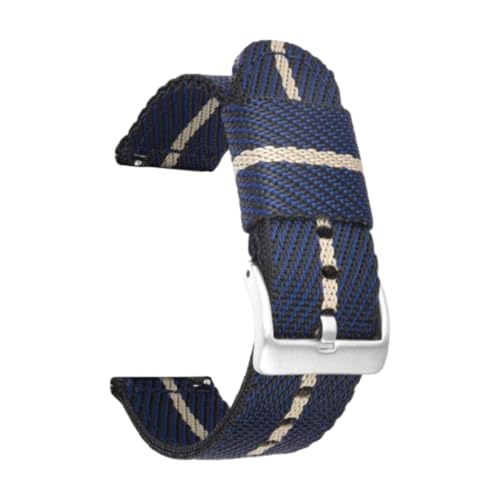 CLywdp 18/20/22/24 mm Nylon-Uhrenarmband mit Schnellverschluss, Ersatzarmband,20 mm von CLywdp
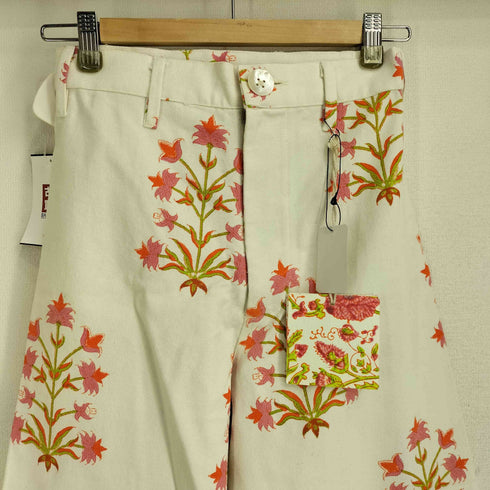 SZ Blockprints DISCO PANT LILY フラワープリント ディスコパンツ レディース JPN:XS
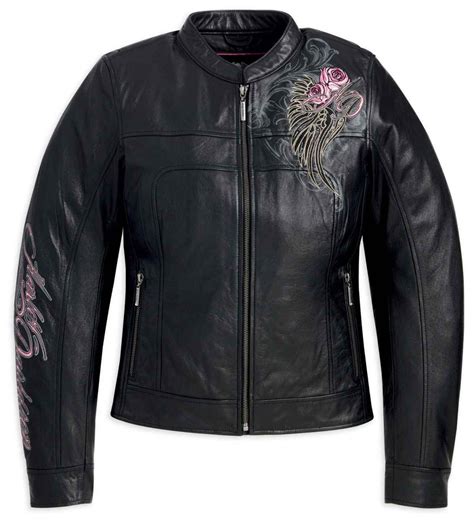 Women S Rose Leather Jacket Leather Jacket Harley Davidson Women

:: Your instructions ::
Pictures stay out; everything else in the listing above gets repeated exactly.

:: Exercise solution ::
 CLywdp 18/20/22/24 mm Nylon-Uhrenarmband mit Schnellverschluss, Ersatzarmband,20 mm von CLywdp
 SZ Blockprints DISCO PANT LILY フラワープリント ディスコパンツ レディース JPN:XS
 Women S Rose Leather Jacket Leather Jacket Harley Davidson Women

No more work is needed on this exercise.